Homemade Dirty Rice – Southern Plate by Gordon Ramsay

Homemade Dirty Rice - Southern Plate

Dirty Rice is a great go to meal for busy weekdays. It also happens to be one of my favorite make-ahead meals to take on camping trips. I make up a double batch ahead of time, refrigerate or freeze it, and have instant comfort food whenever we need it. Since it is so easy to reheat, this is one of those recipes that I suggest always doubling. By simply doubling a few meals from time to time, you can build up a bank of convenience meals and shop your freezer rather than stopping by a drive through.

You’re going to need: Cooked rice, Creole seasoning, parsley (fresh or dried), onion, bell pepper, turkey sausage*, celery, and some chopped or minced garlic.

I LOVE Jennie-O turkey sausage. The mild and hot are both really good. That is the main brand I recommend if you can find it. I get it at Publix. If you can only find Butterball sausage, I’d just use ground beef instead.

Chop all your herbs and veggies: Bell pepper, celery, parsley, and onion. You can use dried parsley if you prefer. 

Place these in a large skillet along with your sausage. 

Chop up your sausage a bit and cook that over medium to medium high heat.

Cook this until sausage is cooked through and veggies are tender.

Stir in your creole seasoning. I use two and a half tablespoons and it is perfect for us. You may want to start with a little less and taste it. You may end up using a lot more!

All done!

Toss in cooked rice.

Stir that up good and make sure your rice is heated through.

Sit down with a glass of iced tea and a fine meal!

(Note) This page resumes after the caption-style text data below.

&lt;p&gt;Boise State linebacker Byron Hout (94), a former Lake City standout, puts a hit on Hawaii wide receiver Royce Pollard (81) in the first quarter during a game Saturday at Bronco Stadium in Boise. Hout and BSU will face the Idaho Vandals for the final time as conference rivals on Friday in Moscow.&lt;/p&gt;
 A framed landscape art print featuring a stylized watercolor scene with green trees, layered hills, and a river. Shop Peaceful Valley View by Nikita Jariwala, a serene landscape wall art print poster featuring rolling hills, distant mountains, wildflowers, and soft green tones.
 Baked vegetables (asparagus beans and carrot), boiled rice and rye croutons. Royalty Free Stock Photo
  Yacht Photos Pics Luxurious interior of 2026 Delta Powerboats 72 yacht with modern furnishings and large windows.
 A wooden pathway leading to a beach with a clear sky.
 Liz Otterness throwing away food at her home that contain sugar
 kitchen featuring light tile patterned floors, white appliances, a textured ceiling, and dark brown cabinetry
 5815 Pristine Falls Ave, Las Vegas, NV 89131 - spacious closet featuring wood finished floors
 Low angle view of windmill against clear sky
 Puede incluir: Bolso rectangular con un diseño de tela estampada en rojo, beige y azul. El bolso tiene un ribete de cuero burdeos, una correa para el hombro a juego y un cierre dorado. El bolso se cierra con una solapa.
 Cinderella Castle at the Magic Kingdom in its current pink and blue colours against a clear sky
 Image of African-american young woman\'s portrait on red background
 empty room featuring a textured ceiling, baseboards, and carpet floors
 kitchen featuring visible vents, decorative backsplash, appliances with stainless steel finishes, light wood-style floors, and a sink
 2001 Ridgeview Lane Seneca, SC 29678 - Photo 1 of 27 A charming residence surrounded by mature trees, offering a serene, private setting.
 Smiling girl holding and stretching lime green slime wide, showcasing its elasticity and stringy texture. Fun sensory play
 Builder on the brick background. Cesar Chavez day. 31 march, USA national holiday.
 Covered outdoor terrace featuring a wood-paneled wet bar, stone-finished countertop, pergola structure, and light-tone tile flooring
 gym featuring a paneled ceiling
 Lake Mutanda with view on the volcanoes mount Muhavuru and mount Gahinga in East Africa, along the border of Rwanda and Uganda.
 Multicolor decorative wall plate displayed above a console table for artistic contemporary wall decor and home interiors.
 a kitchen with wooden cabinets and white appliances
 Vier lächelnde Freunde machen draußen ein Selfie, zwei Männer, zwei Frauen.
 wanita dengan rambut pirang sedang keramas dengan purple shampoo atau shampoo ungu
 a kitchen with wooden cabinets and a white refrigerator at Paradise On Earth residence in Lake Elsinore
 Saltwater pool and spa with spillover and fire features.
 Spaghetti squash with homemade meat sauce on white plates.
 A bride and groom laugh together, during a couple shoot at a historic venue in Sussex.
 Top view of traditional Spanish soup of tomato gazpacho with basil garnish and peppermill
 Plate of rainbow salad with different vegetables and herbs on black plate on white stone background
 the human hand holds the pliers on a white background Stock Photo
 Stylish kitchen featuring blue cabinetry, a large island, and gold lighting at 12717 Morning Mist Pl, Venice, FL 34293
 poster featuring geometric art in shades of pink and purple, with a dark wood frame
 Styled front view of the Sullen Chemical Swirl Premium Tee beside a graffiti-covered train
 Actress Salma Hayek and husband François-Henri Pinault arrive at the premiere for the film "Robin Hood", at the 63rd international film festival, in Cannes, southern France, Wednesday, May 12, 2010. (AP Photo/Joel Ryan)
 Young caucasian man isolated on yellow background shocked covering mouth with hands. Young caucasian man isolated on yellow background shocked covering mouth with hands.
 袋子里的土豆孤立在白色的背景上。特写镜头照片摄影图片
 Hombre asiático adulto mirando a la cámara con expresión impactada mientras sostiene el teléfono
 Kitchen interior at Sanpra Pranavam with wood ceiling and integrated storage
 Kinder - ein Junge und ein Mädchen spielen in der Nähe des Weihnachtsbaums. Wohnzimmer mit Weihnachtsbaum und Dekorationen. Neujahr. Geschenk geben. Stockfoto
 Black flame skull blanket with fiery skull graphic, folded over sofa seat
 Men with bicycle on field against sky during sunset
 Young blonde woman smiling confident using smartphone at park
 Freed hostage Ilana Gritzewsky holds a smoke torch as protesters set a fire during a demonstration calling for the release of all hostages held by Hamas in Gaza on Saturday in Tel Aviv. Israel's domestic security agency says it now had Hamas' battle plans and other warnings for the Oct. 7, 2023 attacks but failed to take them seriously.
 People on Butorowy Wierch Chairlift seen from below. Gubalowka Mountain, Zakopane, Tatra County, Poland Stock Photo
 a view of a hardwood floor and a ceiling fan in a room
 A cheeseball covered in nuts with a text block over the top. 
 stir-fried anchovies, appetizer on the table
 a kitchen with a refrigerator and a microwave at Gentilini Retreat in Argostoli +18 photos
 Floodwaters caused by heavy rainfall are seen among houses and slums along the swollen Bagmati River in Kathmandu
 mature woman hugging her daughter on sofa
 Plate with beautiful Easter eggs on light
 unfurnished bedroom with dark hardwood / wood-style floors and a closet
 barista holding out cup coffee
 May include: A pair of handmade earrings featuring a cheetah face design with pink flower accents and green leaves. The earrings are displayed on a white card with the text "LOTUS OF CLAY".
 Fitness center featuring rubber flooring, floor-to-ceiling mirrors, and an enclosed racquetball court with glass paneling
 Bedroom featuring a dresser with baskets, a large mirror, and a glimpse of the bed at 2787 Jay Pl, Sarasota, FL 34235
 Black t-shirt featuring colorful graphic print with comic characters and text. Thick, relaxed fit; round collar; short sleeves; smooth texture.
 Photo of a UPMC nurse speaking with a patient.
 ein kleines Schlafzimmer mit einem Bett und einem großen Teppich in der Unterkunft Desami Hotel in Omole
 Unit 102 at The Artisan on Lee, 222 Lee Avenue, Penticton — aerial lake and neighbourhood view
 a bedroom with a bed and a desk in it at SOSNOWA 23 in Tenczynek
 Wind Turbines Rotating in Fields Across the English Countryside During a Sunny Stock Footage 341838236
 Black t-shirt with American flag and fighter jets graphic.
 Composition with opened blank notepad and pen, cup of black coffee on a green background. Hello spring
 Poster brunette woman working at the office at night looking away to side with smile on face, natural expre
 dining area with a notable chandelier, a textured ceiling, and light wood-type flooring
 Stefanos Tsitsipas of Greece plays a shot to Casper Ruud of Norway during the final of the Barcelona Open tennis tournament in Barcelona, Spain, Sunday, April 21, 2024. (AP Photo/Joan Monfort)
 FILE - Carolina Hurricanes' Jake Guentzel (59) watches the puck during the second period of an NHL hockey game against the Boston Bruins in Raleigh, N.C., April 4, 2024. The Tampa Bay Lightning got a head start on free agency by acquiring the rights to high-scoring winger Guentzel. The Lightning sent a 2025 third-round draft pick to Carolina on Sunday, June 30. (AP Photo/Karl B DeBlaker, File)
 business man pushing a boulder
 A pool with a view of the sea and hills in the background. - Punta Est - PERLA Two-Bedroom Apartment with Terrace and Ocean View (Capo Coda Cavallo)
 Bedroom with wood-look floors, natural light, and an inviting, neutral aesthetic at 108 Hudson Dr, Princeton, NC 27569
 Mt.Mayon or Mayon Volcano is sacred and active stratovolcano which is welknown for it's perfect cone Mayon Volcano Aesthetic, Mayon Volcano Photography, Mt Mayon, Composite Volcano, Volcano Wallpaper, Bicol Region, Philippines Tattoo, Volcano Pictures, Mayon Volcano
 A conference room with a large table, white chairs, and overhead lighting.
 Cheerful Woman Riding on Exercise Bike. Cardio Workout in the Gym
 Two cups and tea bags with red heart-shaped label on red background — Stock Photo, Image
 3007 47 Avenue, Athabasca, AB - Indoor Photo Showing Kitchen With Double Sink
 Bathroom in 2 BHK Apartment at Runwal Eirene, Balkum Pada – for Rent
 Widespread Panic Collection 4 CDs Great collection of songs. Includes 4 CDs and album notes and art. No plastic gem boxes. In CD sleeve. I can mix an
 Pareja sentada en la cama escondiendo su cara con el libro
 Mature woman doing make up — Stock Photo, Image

Leftovers can be refrigerated or frozen. This dish tastes just like it was freshly made when you reheat it.


  • 4-5 Cups cooked rice
  • 1 pound uncooked turkey sausage or ground beef
  • 103 tablespoons Creole Seasoning I use Tony Chachere’s
  • 1 stalk celery chopped
  • 1 small onion chopped
  • 1/2 Bell Pepper chopped
  • 2 Tablespoons chopped or minced garlic
  • 4 Tablespoons fresh chopped parsley or 2 Tablespoons dried


  • In large skillet over medium heat, place celery, bell pepper, garlic, onion, parsley, and sausage. Break up sausage and cook all, stirring regularly, until sausage is fully cooked and vegetables are tender. Add Creole seasoning, stir. Stir in rice and continue cooking over medium heat until rice is heated through, stirring well the whole time.

  • *For the Creole seasoning: Start on the low end and add more after the rice has been stirred in if you like more seasoning. This adds the spiciness so you want to do it to your personal taste.